Some reviewers criticized what they perceived to be the band's lack of originality. Brian Shultz of Punknews.org lambasted the album harshly, writing: "Hawthorne Heights is no longer the bottom of the barrel laughingstock they once were, but they haven't yet proved to be anything more than pandering, fourth-rate arena screamo supposedly representing 'underground' music. Song titles like 'We Are So Last Year' and 'Where Can I Stab Myself in the Ears' prove the band is well aware they are capable of nothing more than writing flat-sounding but catchy enough radio emo pop songs, and that they are simply a lasting fad who will (hopefully) fail to reach a considerable level of influence on the scene they believe to be dominating." Alternative Press wrote: "Lonely will buy Hawthorne Heights a few more minutes beyond the 15 they've already received.
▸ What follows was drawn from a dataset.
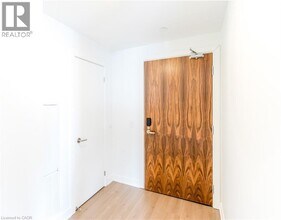 25 Wellington St S in Kitchener, ON - Building Photo - Building Photo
Here's to hoping they'll use that time to think outside of the box a little more when they write LP3."

==Track listing==
All arrangements by Hawthorne Heights and David Bendeth.

| No. | Title | Length |
|---|---|---|
| 1. | "This Is Who We Are" | 3:46 |
| 2. | "We Are So Last Year" | 2:58 |
| 3. | "Language Lessons (Five Words or Less)" | 3:21 |
| 4. | "Pens and Needles" | 3:15 |
| 5. | "Saying Sorry" | 3:08 |
| 6. | "Dead in the Water" | 3:52 |
| 7. | "I Am on Your Side" | 4:15 |
| 8. | "Breathing in Sequence" | 3:29 |
| 9. | "Light Sleeper" | 3:27 |
| 10. | "Cross Me Off Your List" | 3:41 |
| 11. | "Where Can I Stab Myself in the Ears" | 3:42 |
| 12. | "Decembers" | 4:46 |
| Total length: |  | 43:40 |

Rhapsody Exclusive track
| No. | Title | Length |
|---|---|---|
| 13. | "Niki FM" (Live Version) |  |

==Personnel==
Personnel per booklet.

Hawthorne Heights
- JT Woodruff – lead vocals, guitar
- Micah Carli – lead guitar
- Casey Calvert – rhythm guitar, screamed vocals
- Matt Ridenour – bass guitar, backing vocals
- Eron Bucciarelli – drums

Additional musicians
- John Bender – additional backing vocals
- The Hawthorne Gang – additional vocals (tracks 8 and 11)
- Sebastian Davin – piano (track 12)

Design
- Paul Friemel – art direction, layout, original layout concept
- Dave Hill – photos
- Neil Visel – photo assistant
- Selena Salfen – band photography
- DoubleJ – original layout concept

Production
- David Bendeth – producer, mixing
- Dan Korneff – engineer, digital editing, additional guitar production, mix setup
- John Bender – digital editing, engineer
- Ted Young – assistant engineer
- Isaiah Abolin – mixing assistant
- Kato Khandwala – digital editing
- Ted Jensen – mastering

==Charts==

===Weekly charts===

Weekly chart performance for If Only You Were Lonely
| Chart (2006) | Peak position |
|---|---|
| Australian Hitseekers Albums (ARIA) | 8 |
| UK Albums (Official Charts) | 85 |
| UK Independent Albums (Official Charts) | 5 |
| UK Rock & Metal Albums (Official Charts) | 2 |
| US Billboard 200 | 3 |
| US Independent Albums (Billboard) | 1 |
| US Indie Store Album Sales (Billboard) | 3 |
| US Top Rock Albums (Billboard) | 1 |

===Year-end charts===

Year-end chart performance for If Only You Were Lonely
| Chart (2006) | Position |
|---|---|
| US Billboard 200 | 165 |

==Certifications==

Certifications for If Only You Were Lonely
| Region | Certification | Certified units/sales |
| United States (RIAA) | Gold | 500,000^{‡} |
^{‡} Sales+streaming figures based on certification alone.